WO2006097886A1

WO2006097886A1 - Noise power estimation

Info

Publication number: WO2006097886A1
Application number: PCT/IB2006/050771
Authority: WO
Inventors: Ivo Batina; Jesper Jensen; Richard Heusdens
Original assignee: Koninklijke Philips Electronics N.V.
Priority date: 2005-03-16
Filing date: 2006-03-13
Publication date: 2006-09-21

Abstract

A method of estimating the power spectral density of noise in a speech signal uses filtering in the frequency domain. The current power of the speech signal is determined per time segment and per frequency range, the difference of the current power and a current estimate of the power is determined, and then a new estimate of the noise power is provided on the basis of said difference and said current estimate. A speech enhancement method may include these method steps. A device (1) for estimating the power spectral density of noise in the speech signal may be comprised in portable consumer apparatus.

Description

Noise power estimation

The present invention relates to noise estimation. More in particular, the present invention relates to a method of and a device for estimating the power spectral density of noise in a noisy speech signal.

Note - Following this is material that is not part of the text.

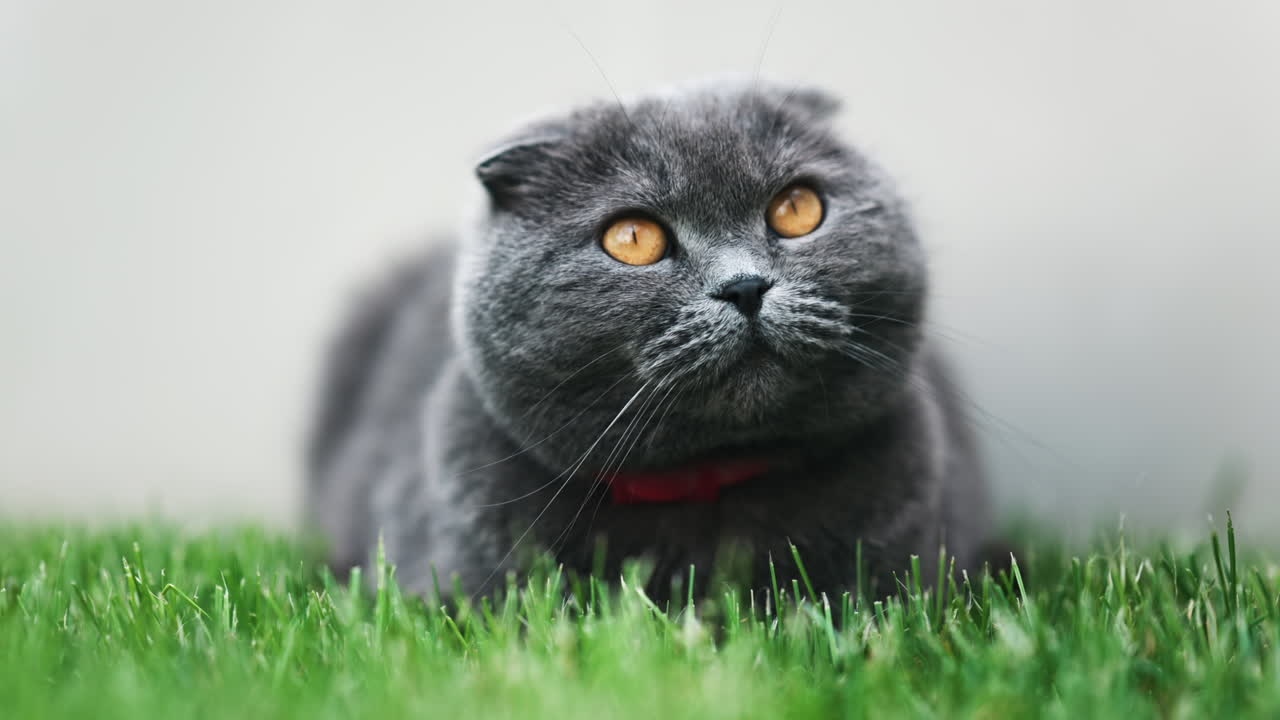 Close up of a Scottish Fold cat with orange eyes and a red collar resting on the green grass in a garden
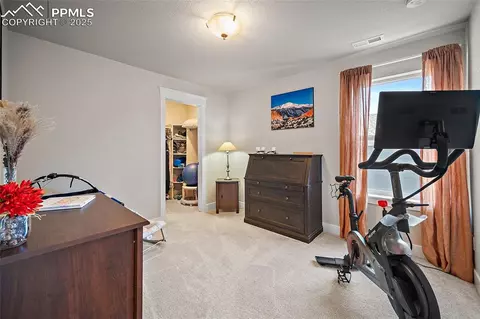 15665 Native Willow Dr, Monument, CO 80132 photo 30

It is well known to estimate the amount of noise in speech signals. As it is very difficult to separate noise from speech, conventional methods estimate noise properties in the pauses between speech, that is, between words. In the (assumed) absence of speech, noise properties such as the amplitude or power spectrum can be determined relatively easily. If it is assumed that the noise in the pauses between speech is identical to the noise during speech (stationary noise), an accurate speech estimation may be obtained. However, experiments have shown that natural noise, for example the noise heard in a moving vehicle, is not necessarily stationary and that speech estimates during pauses are therefore unreliable predictors of the noise during speech. It is therefore desirable to estimate speech properties during speech. The paper by Rainer Martin, "Noise power spectral density and estimation based on optimal smoothing and minimum statistics", IEEE Transactions on Speech and Audio Processing, 9(5): 504-512, July 2001, discloses a method for noise estimation in which no distinction is made between speech activity and speech pause. This known method, commonly known as the Minimum Statistics (MS) method, is designed to be combined with speech enhancement schemes. The Minimum Statistics method is based on tracking of spectral minima of the noisy speech power spectrum. This known method is computationally complex and displays a slow update of the noise estimate in the case of a sudden rise in the noise energy level. Consequently, this method is mainly applicable for slowly varying noise sources. Speech enhancement schemes typically require an estimate of the power spectral density of noise in order to extract a "clean" speech signal estimate from the noisy input speech signal. In many applications, it is desirable to enhance speech in real-time. This requires methods having a relatively small computational complexity. This is particularly the case when the speech enhancement is to be carried out by a relatively small device having a limited computing power, such as a portable consumer device. Typical portable consumer devices in which speech enhancement may be used include, for example, mobile (cellular) telephones and electronic hearing aids. Prior art methods and devices do not allow effective speech enhancement or noise estimation to be carried out in portable consumer devices.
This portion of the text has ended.